We rely on team consensus & intuition
We wait for user support tickets
We use behavioral analytics data

Team & resources

What is the biggest challenge your team faces when performing usability reviews or a cognitive walkthrough?

It takes too long to set up and execute
It’s hard to visualize where users actually drop off
We lack a cross-functional perspective

Back your walkthroughs with precision data

Manual reviews are essential, but they are often subjective. To truly optimize your activation rate, you need to pair your cognitive walkthrough with behavioral insights. Userpilot helps you spot drop-offs, track “Happy Paths,” and fix friction points in real-time.



What is a cognitive walkthrough?

A cognitive walkthrough is a task-based usability inspection method where a team of participants steps through a product’s interface as if they were new users.

​You’ll gather a small, cross-functional team including designers, product managers, and even engineers who haven’t been too deeply involved in the specific feature.

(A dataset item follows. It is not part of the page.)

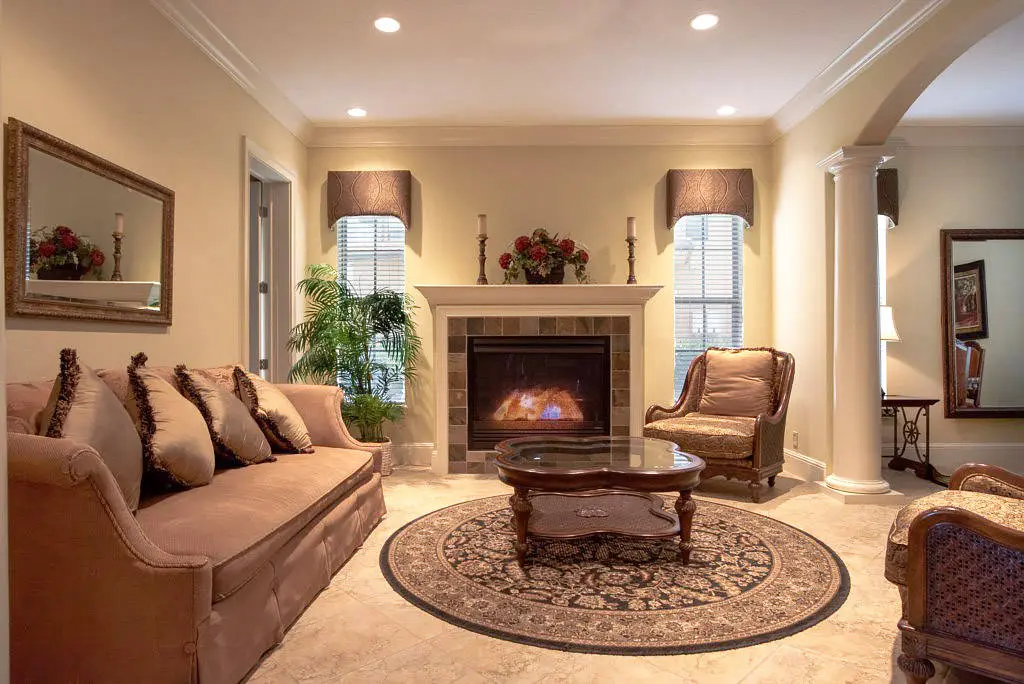 Separate sitting room reunion resort villa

One person acts as a facilitator, guiding the session, and another as a note-taker.

​This entire session focuses solely on assessing “learnability” – how easily a first-time user can accomplish key tasks.

To make the process neutral and effective, you can establish rules like “no design discussion” or “no defending design decisions” during the walkthrough.

Unlike usability testing, it doesn’t involve real users, making it relatively quick and cheap to carry out.

Why use the cognitive walkthrough method?

​For me, the appeal of a cognitive walkthrough boils down to its practical nature and early impact. It’s a focused way to tackle product usability, especially for complex features where existing user behaviors might not apply.

Think about introducing a completely new workflow or a major redesign. Users won’t have established behavior patterns or mental models for interacting with it.

Also, because it is task-specific, a cognitive walkthrough zeroes in on whether users can figure out how to perform important actions (e.g., “add item to cart” or “find the settings”) in a new design.

It is complementary to other methods like heuristic review or user testing, focusing especially on first-time-user issues that might not be obvious from general usability guidelines.

When should you use cognitive walkthroughs?

Ideally, you should use the CW method when dealing with interfaces that require immediate success without prior training of computing systems, especially for non-tech-savvy users.

It’s also helpful for assessing tasks that are complex, high-risk, or rely on unfamiliar patterns that force the user to abandon their established mental models. Think of CAD software.

Let me give you some examples of such scenarios:

  • Prototyping new flows: We use it with wireframes or mock-ups, long before any code gets written. This is how we ensure first-time users can complete critical tasks without feeling lost.
  • Testing major releases: When we’re introducing significant features or revamping key parts of the product, like an onboarding flow. It helps us catch learnability issues that could otherwise lead to high customer churn.
  • Addressing knowledge gaps: If our product introduces unfamiliar tasks, a walkthrough helps us spot where our internal understanding differs from a new user’s perspective. This process can help highlight areas that need clearer in-app guidance.

​However, the CW method might be an overkill if you’re designing a standard web interface that uses universally accepted design patterns (e.g., basic checkout process on an established e-commerce site).

Back Your Next Cognitive Walkthrough with Precise Behavioral Data from Userpilot

How to conduct a cognitive walkthrough?

In short, a cognitive walkthrough session is often carried out in a highly structured workshop setting involving cross-functional teams (UX, design, product, engineering).

​Reviewers will define specific user tasks and then examine the interface step by step from a novice’s perspective. At each step, they ask a set of standard questions to uncover anything that might confuse or trip up a new user.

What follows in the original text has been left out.